ANOET, comme expliqué dans un communiqué envoyé à cette rédaction, a exprimé son mécontentement après avoir examiné les spécifications de l'arène Misericordia. « Cette mesure limite la liberté des entrepreneurs dans la programmation d'une foire et empêche l'inclusion des nouveautés de la saison, puisqu'elle impose la fermeture des affiches des foires de San Jorge et El Pilar à la mi-février. » Le syndicat patronal taurin estime que cette exigence du cahier des charges, qui constitue un motif de résiliation du contrat, « hypothèque l'entreprise pour toute la saison, portant potentiellement atteinte aux droits des spectateurs ».

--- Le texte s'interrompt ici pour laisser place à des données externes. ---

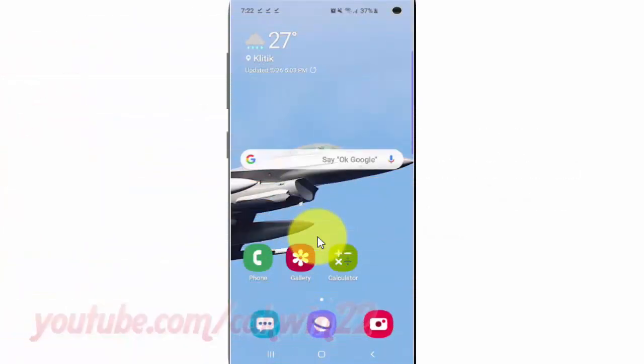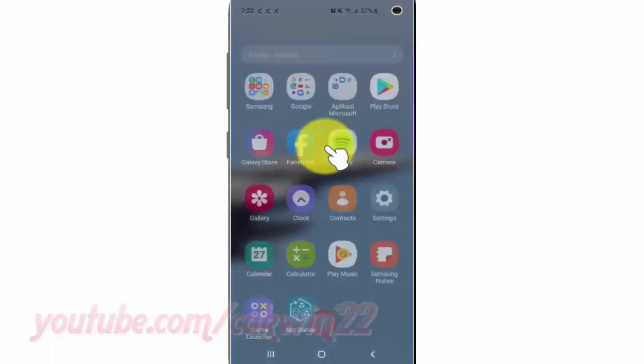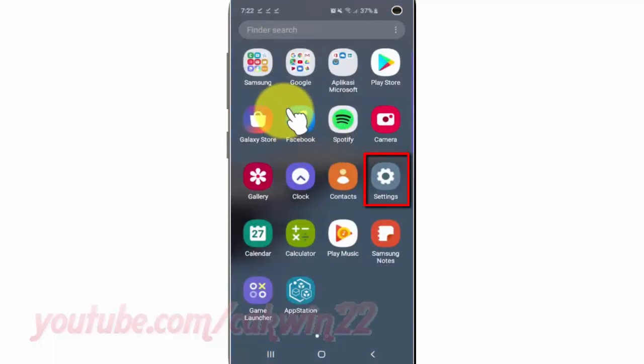To set a picture as wallpaper on the lock and home screen in Samsung Galaxy S10, open Settings. From the home screen, swipe up or down from the center of the display to access the apps screen. Tap Settings.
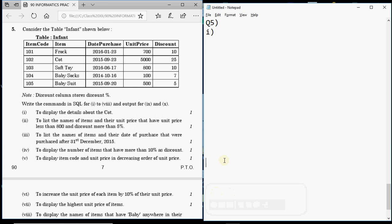Hey all, this is Anjali and in this video we will be discussing question number 5 of the 2017 outside Delhi board paper. We have already discussed question numbers 2, 3, and 4 in earlier videos. In this one we will start with question number 5, which comes for 10 marks in your board exams.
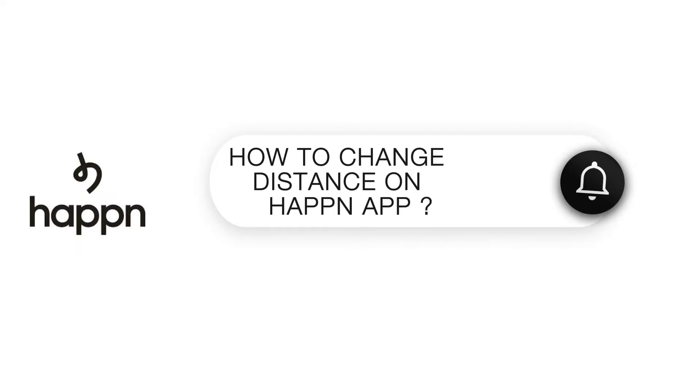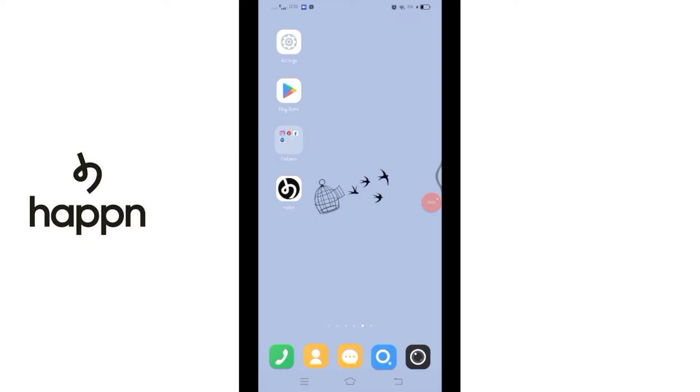How to change distance on Happn. Hello and welcome to Quick Guide. I'm up with another quick and easy tutorial video on how you can change distance on your Happn application. For that, you'll have to open your Happn application on your mobile device.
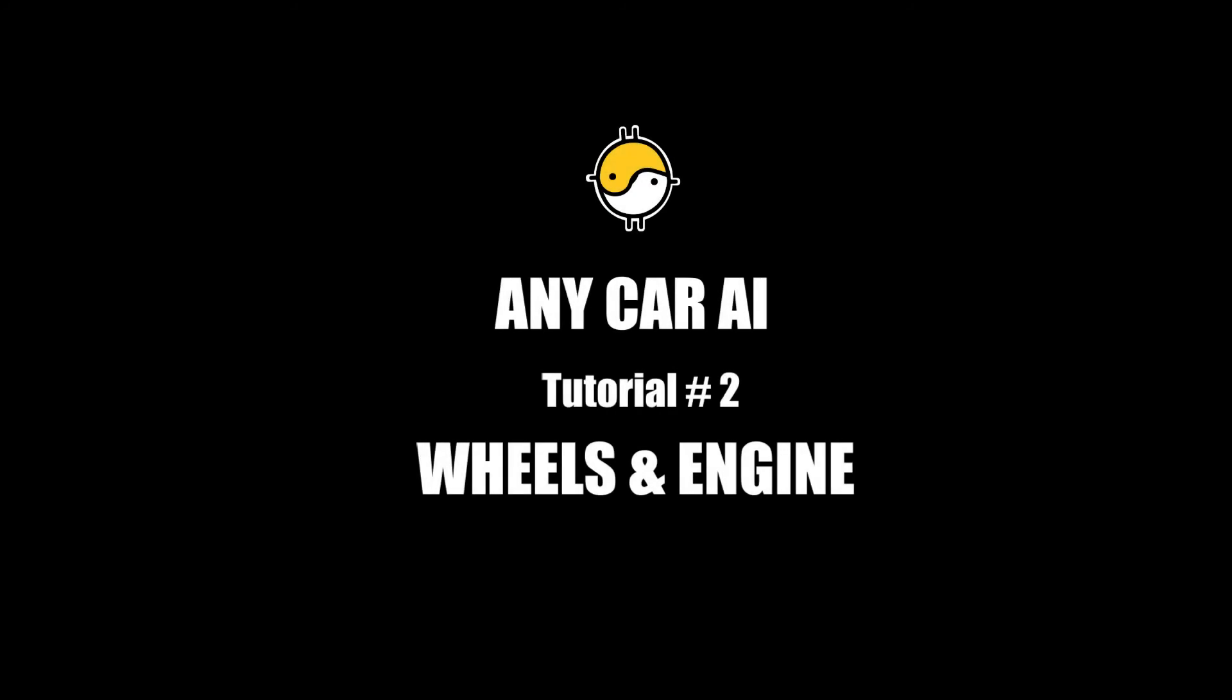Any Car AI. Tutorial number 2. Wheels and Engine.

D'autre part, ANOET estime qu'il existe d'autres formules pour valoriser les entreprises que la redevance économique à la hausse et illimitée – comme indiqué dans le cahier des charges -, mesure qui transforme ces processus d'attribution de places « en véritables enchères ». En ce sens, il exhorte la Députation Forale de Saragosse à adopter « une autre formule qui profite réellement à la tauromachie et préserve l'avenir des arènes ».
À cette fin, ANOET se met à la disposition de la Députation Forale de Saragosse pour organiser « une réunion qui servira à clarifier les points qui, selon nous, dénaturent la légalité actuelle ».